Data block below:

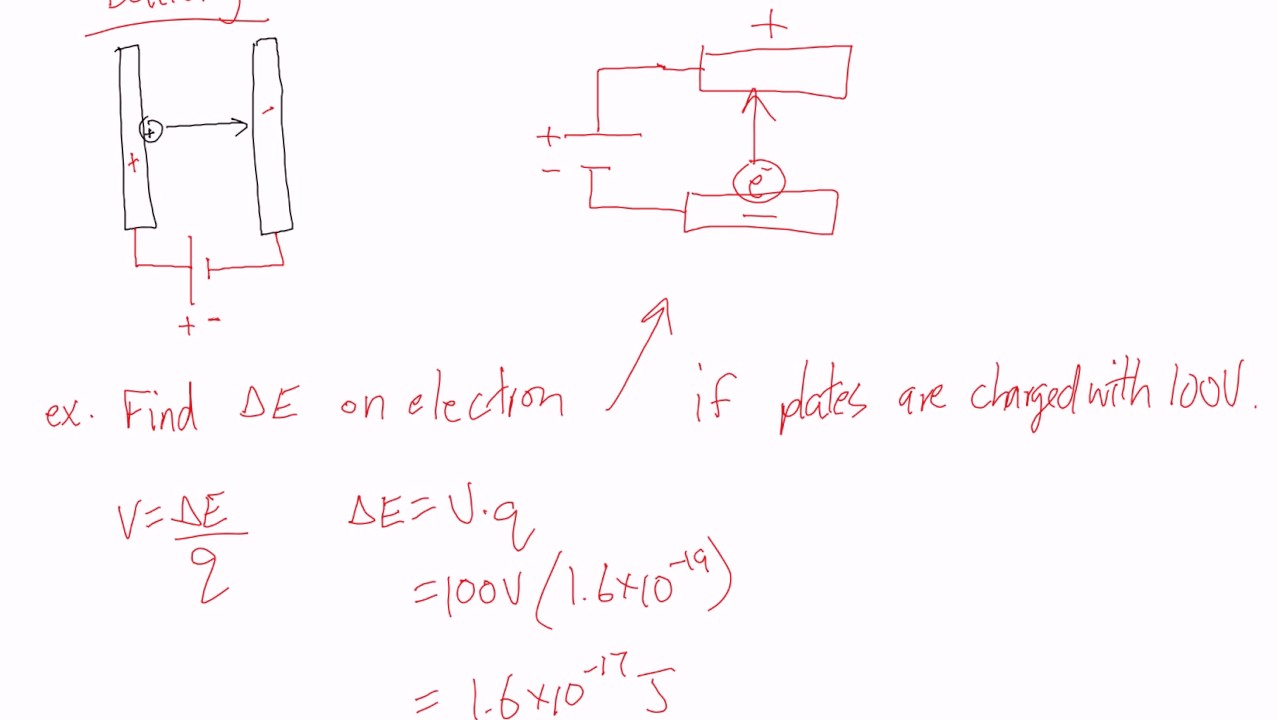 Physics 30: 11.4 Parallel Plates
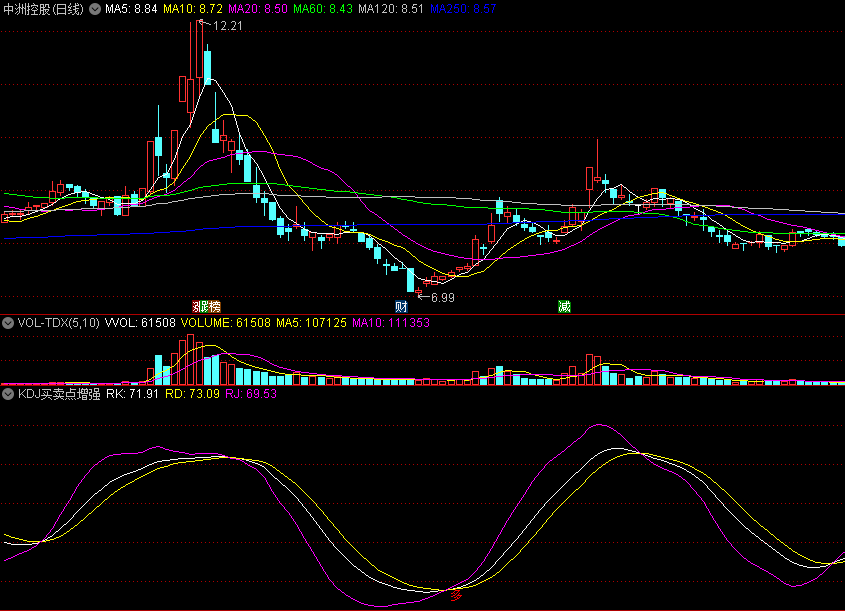 〖KDJ买卖点增强版〗副图指标 加了多空买卖点提示 无未来函数 通达信 源码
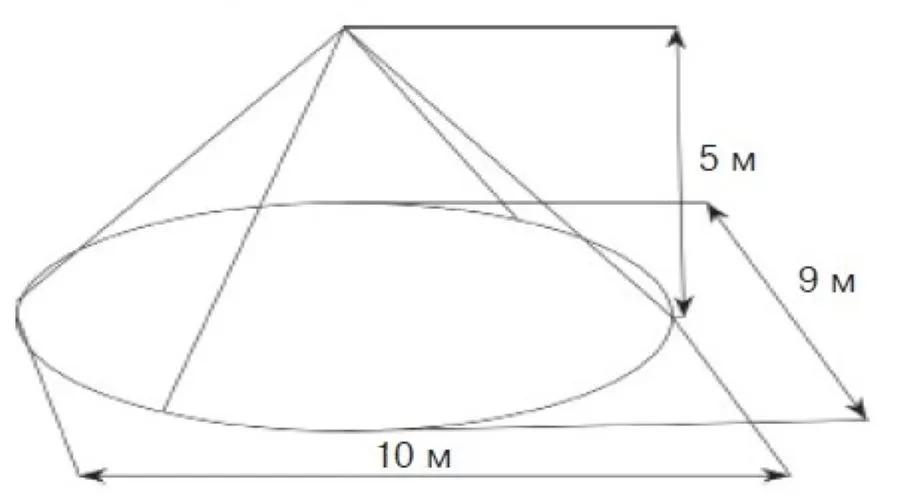 Rielta Pyrone-6 - Passive Infrared Sensor 1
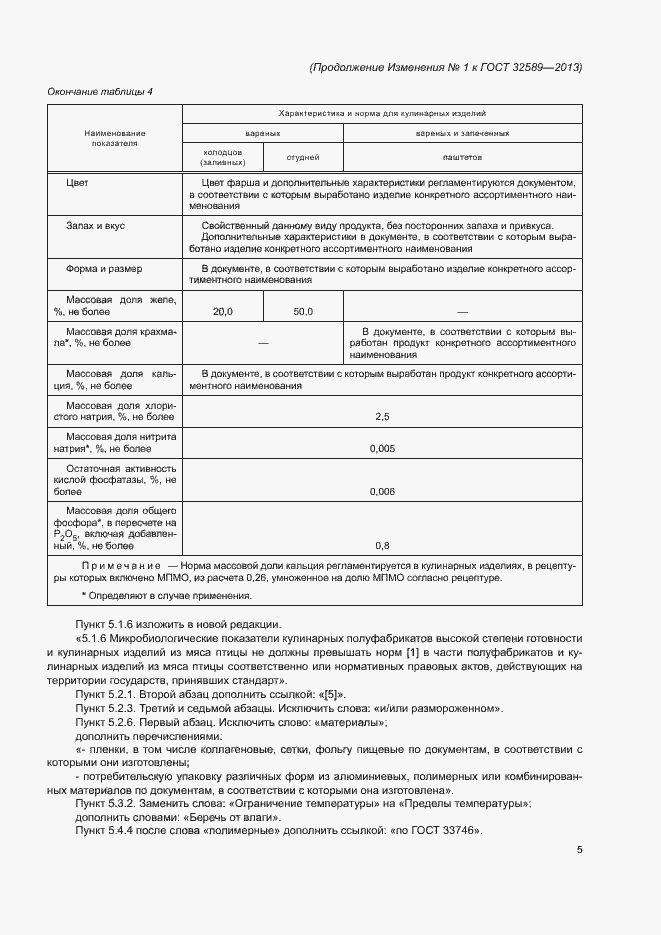 Приложение №1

End of Data block.

### Task prompt
Could you retype exactly, and only, the lines running from the one with "无未来函数 通达信 源码" to the last line of the listing, while leaving any pictures out?

### Response to this task
 〖KDJ买卖点增强版〗副图指标 加了多空买卖点提示 无未来函数 通达信 源码
 Rielta Pyrone-6 - Passive Infrared Sensor 1
 Приложение №1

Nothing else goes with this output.